• **Exercise goal**: Once you reach the line with "Surse proprii de finanţare", transcribe it and every line after it to the end of the records, exactly, but not the pictures.
....
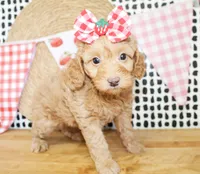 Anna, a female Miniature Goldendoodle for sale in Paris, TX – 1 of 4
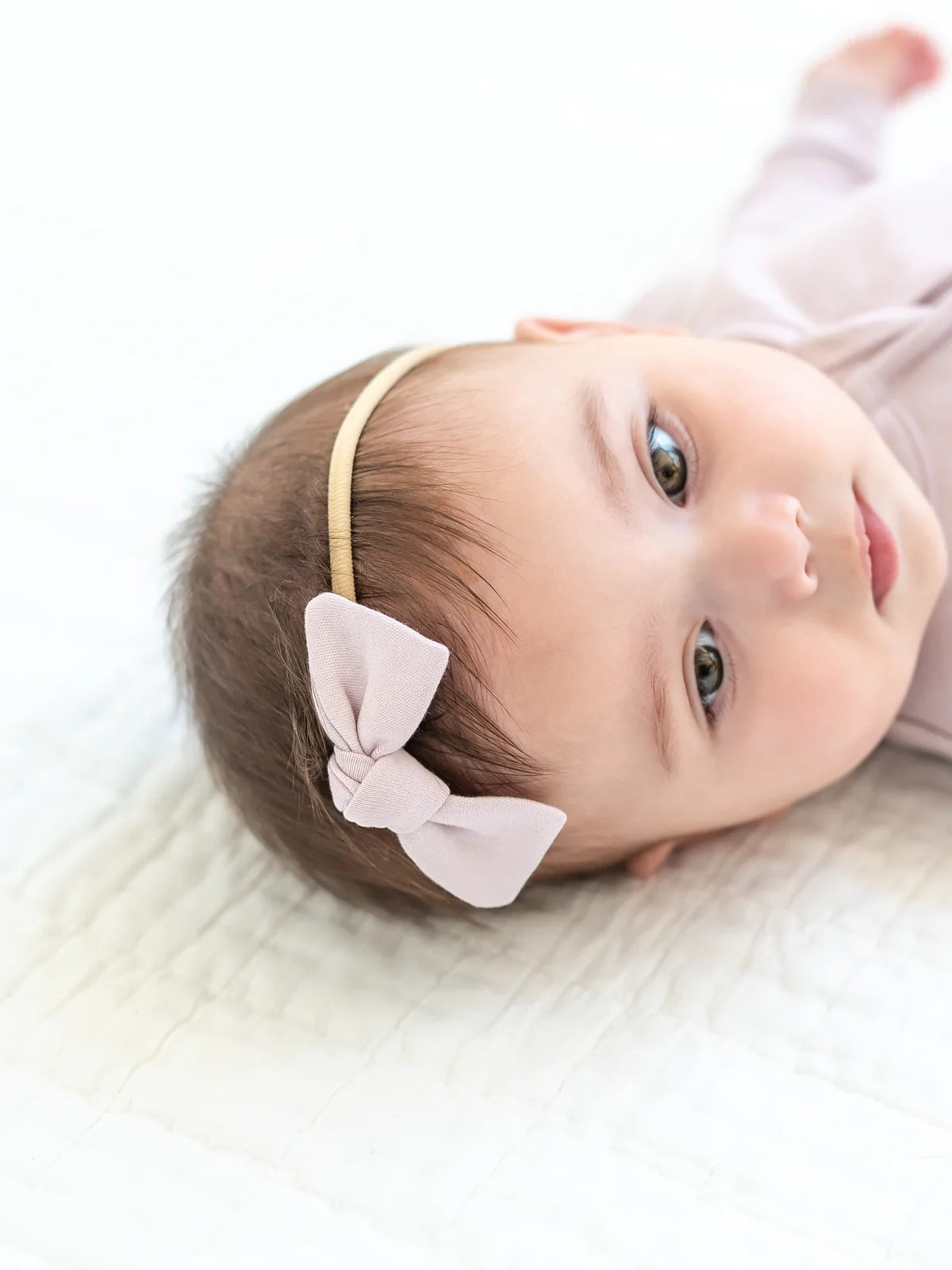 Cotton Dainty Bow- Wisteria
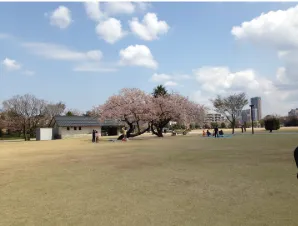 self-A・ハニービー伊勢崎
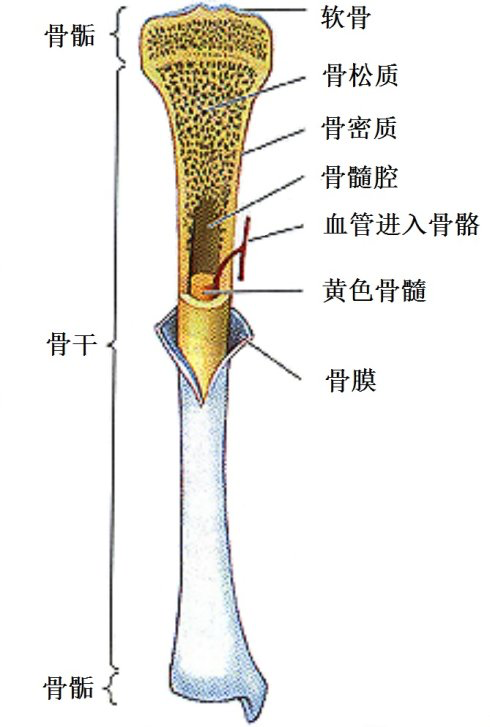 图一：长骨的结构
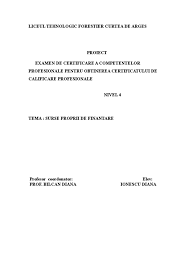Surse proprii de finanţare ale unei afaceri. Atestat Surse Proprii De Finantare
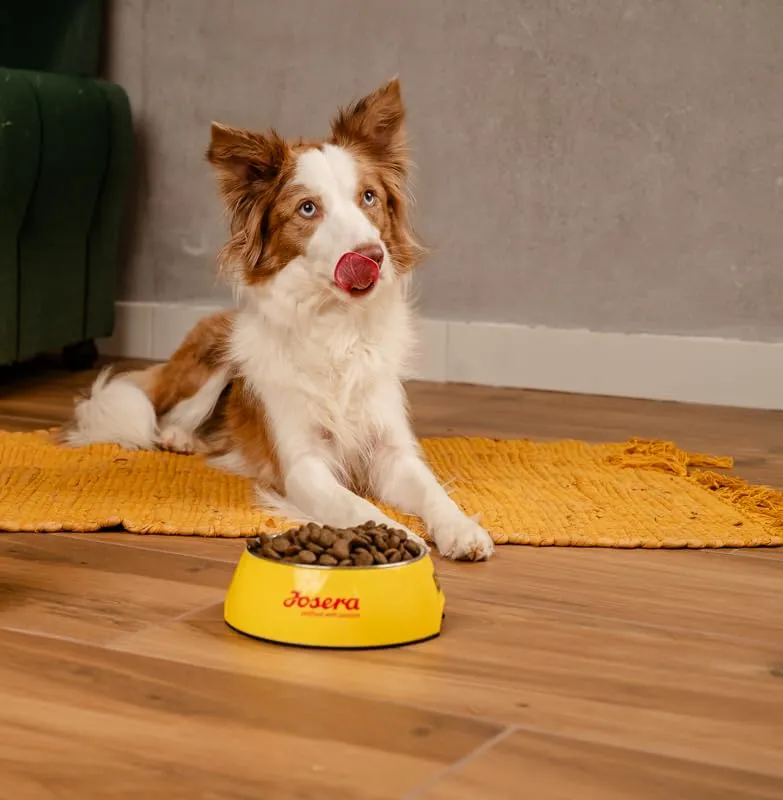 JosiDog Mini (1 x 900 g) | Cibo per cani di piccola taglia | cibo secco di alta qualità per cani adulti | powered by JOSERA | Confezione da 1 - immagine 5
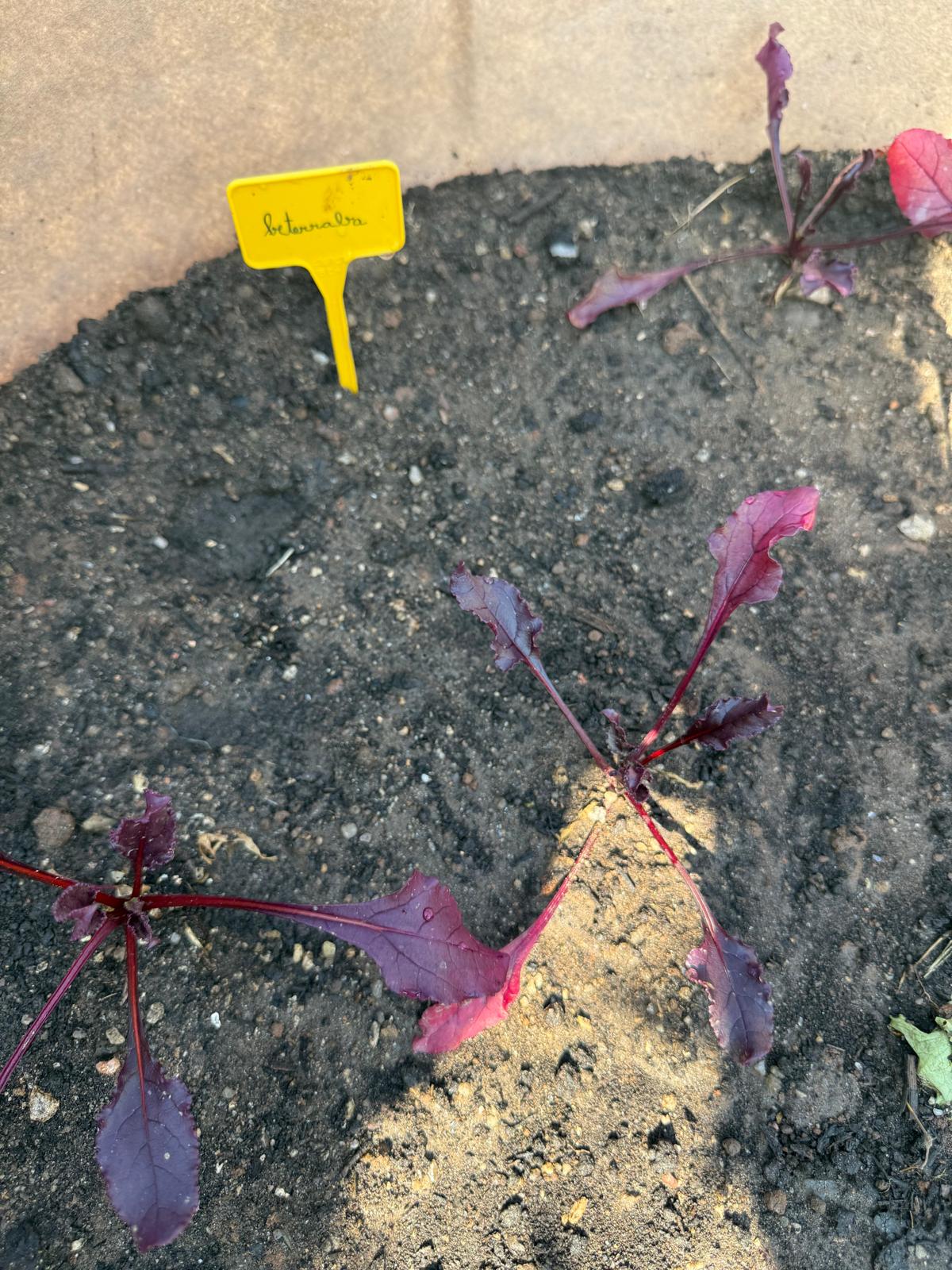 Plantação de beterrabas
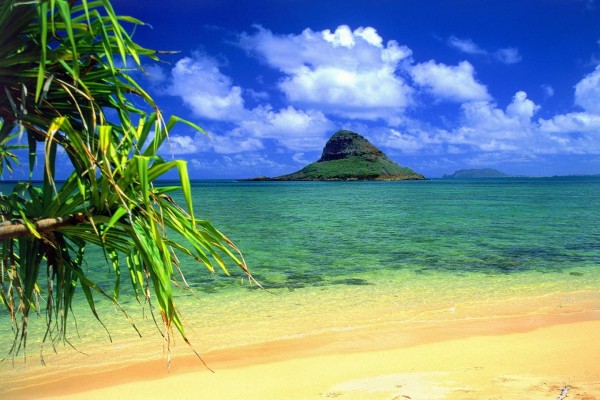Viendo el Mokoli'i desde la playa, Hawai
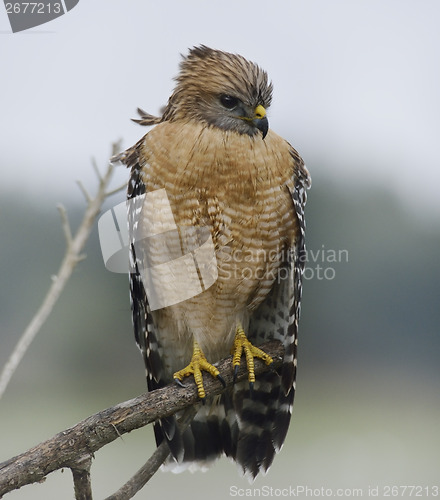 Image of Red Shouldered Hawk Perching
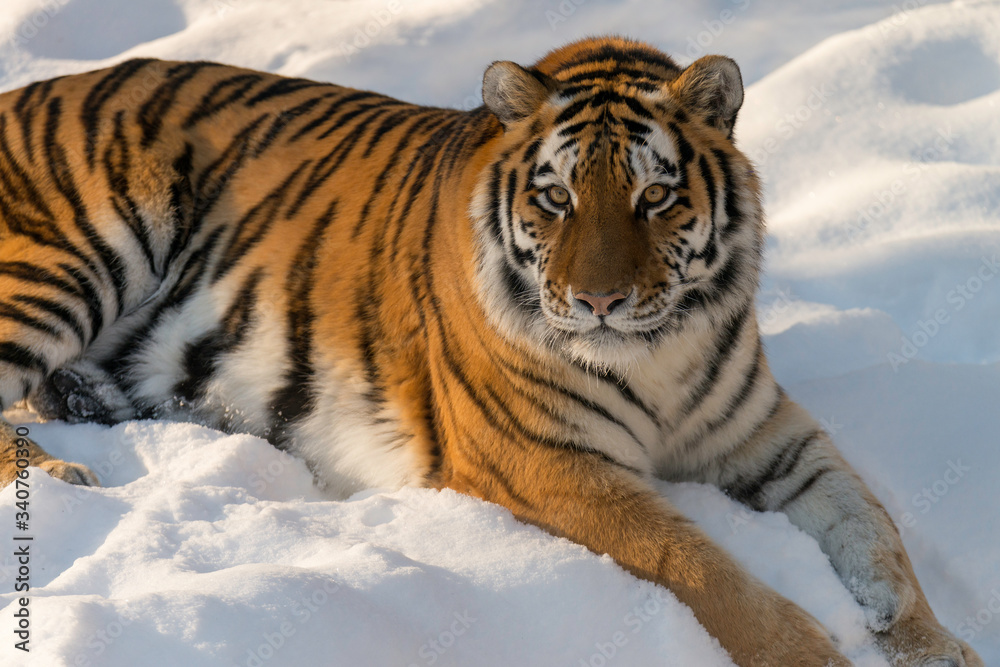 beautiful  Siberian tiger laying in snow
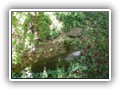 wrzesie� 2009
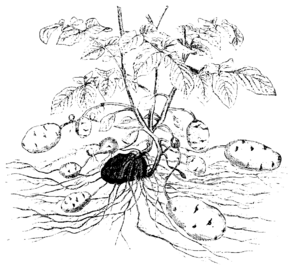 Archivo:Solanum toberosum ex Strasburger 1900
....
• **Answer to the problem**:
Surse proprii de finanţare ale unei afaceri. Atestat Surse Proprii De Finantare
 JosiDog Mini (1 x 900 g) | Cibo per cani di piccola taglia | cibo secco di alta qualità per cani adulti | powered by JOSERA | Confezione da 1 - immagine 5
 Plantação de beterrabas
Viendo el Mokoli'i desde la playa, Hawai
 Image of Red Shouldered Hawk Perching
 beautiful  Siberian tiger laying in snow
 wrzesie� 2009
 Archivo:Solanum toberosum ex Strasburger 1900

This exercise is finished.